External guidelines are critical in the design process, needed to assure alignment among all parties involved in your sales efforts. The development and use of a Creative Brief can be an extremely valuable tool in achieving message consistency and clarity.
Creative briefs specify the audience, material requirements, brand positioning and process for creating sales collateral. At Atomic Revenue, our creative brief involves an extensive checklist focused on input from both the marketing and sales teams to ensure alignment and mutually beneficial message value in developing collateral for our clients. Sales collateral is only valuable if it is used effectively by the sales team -- no one needs or wants an inventory of aging sales collateral collecting dust in a storage room.
Here are a few key points to consider in developing your sales collateral content and message:
Sales collateral is not intended to answer every question a client may ask; collateral should generate interest, and establish your organization as a resource to address client problems and pains. Simple is best.
Sales collateral is PART of the process, it is not the ENTIRE process. Match the collateral to its role/need at a specific point in the customer decision journey.
Your sales collateral is not about you and WHAT you do; your sales collateral must be about your prospective customer and WHY and HOW they will benefit from working with you.
Sales collateral must be able to stand on its own -- in most instances, you will not be there to clarify if they have questions. It may be clear to you, but this is your brand and business; use others as proofreaders to ensure your message delivers the intended response.

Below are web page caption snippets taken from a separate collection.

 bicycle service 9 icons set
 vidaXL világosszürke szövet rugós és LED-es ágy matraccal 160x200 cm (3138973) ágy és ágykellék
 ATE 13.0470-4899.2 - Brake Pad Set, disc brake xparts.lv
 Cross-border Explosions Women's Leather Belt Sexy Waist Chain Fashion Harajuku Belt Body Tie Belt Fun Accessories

Write, design, print, and hope is no way to develop your collateral materials; understand from the very beginning how and when the piece will be used, THEN design and develop to meet that particular situation.
P.S. We do extensive research and validation on this.

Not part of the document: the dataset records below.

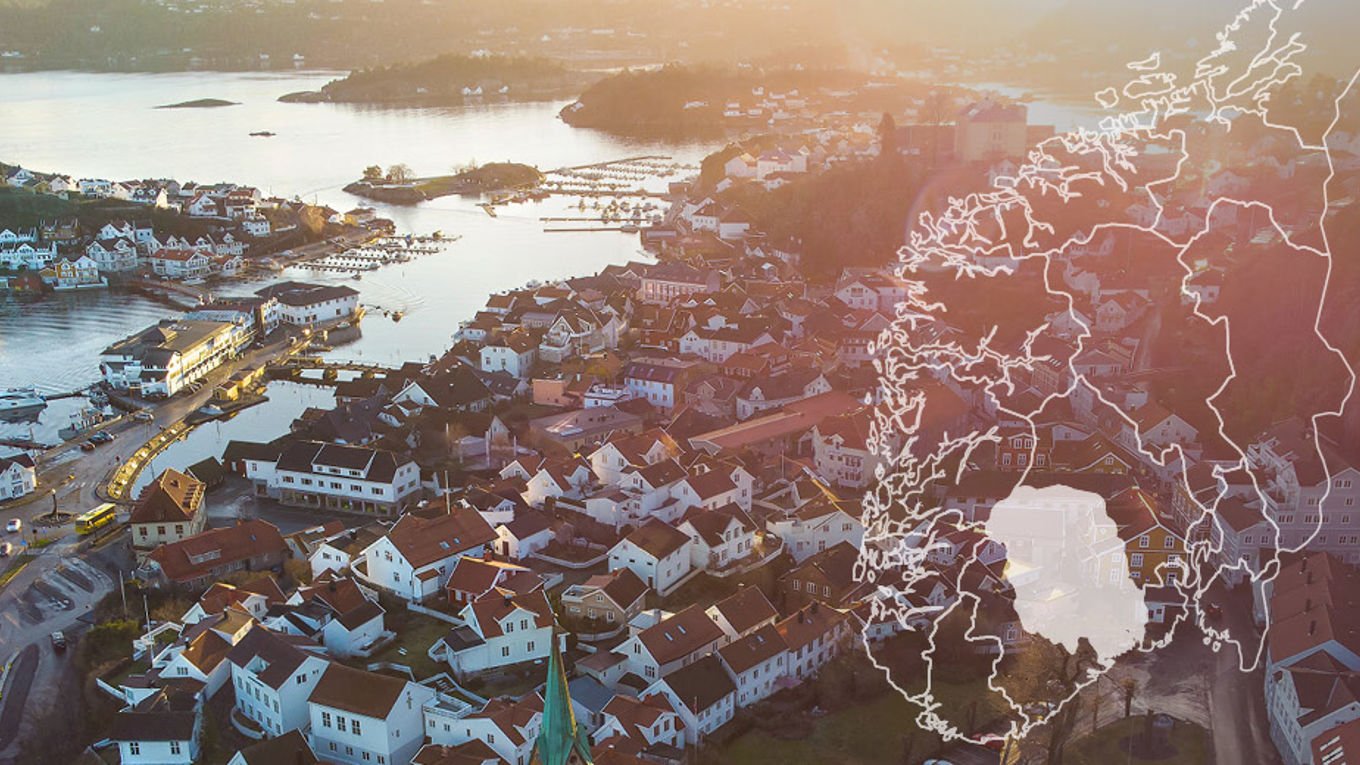 Illustrasjon av distriktsavdelingen Telemark på kartet, over et bilde av en by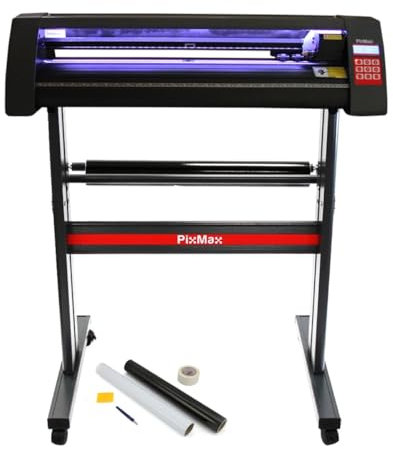 PixMax - Plotter per Taglio Vinile Guida Laser Abbonamento 12 Mesi Software da Taglio - LED - 720mm & Kit per il Weeding Set Iniziale con Vinile e Accessori
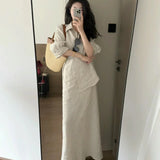 Nukty Casual Set for Women Simple Collar Loose Long Sleeve Shirt Versatile Half length Long Skirt Two Piece Set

Yes, the design is very important, but getting the content right is where so many organizations fail; it is content-focus that is critical to the sales collateral creation process. A picture is still worth a thousand words (and a video can be worth tens of thousands), but note that the “currency” is in the words/content. Your sales collateral return-on-investment (ROI) is dependent on proper content, delivery, and utilization.
Paired with outstanding content, impactful graphic design can progress an extremely powerful message that resonates with a buyer. Paired with poor or confusing content, impressive graphic design can dramatically amplify a poor message and potentially stop sales dead in their tracks. The collateral design is an extensive process to do right. But the difference it can make to advancing the sales effort is priceless.